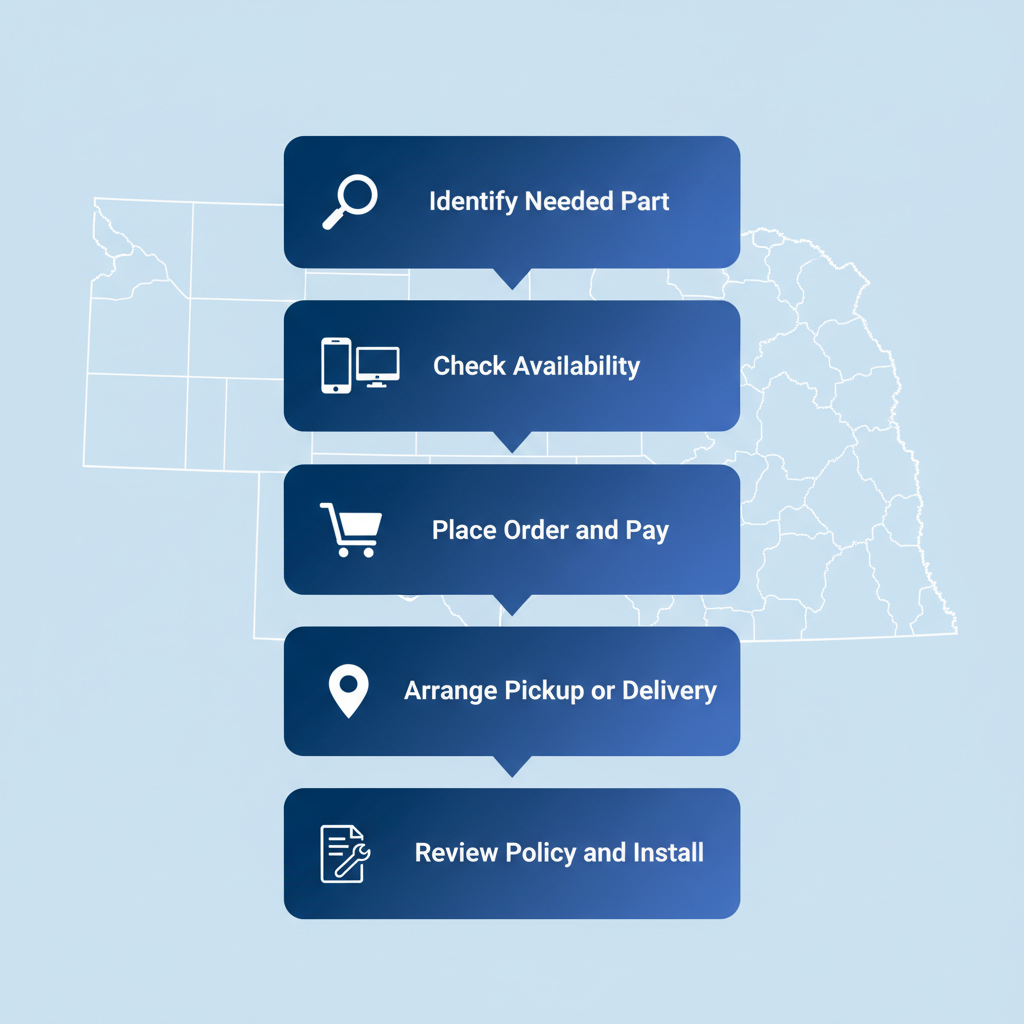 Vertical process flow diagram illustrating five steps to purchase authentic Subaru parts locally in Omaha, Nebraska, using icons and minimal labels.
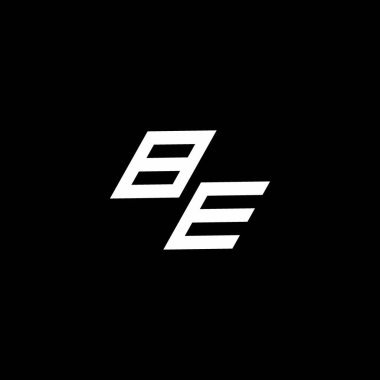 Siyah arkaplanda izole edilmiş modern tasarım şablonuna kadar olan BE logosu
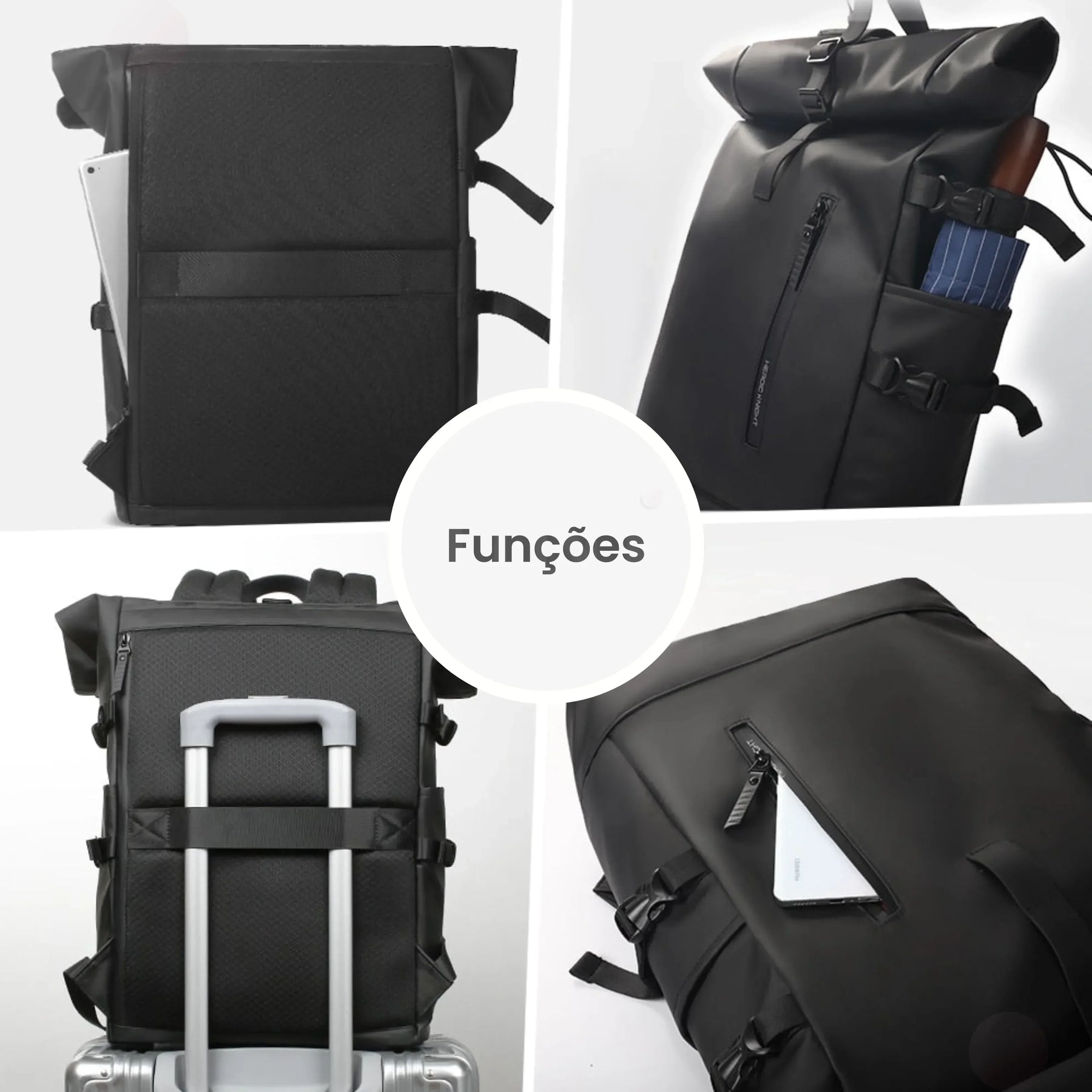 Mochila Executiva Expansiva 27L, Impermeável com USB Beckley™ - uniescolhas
□ □ □ □ □
- EXERCISE DIRECTIONS
Leave the pictures out, and please copy only the lines from the one with "Siyah arkaplanda izole" through the end of the listing.

- ANSWER TO THIS TASK
 Siyah arkaplanda izole edilmiş modern tasarım şablonuna kadar olan BE logosu
 Mochila Executiva Expansiva 27L, Impermeável com USB Beckley™ - uniescolhas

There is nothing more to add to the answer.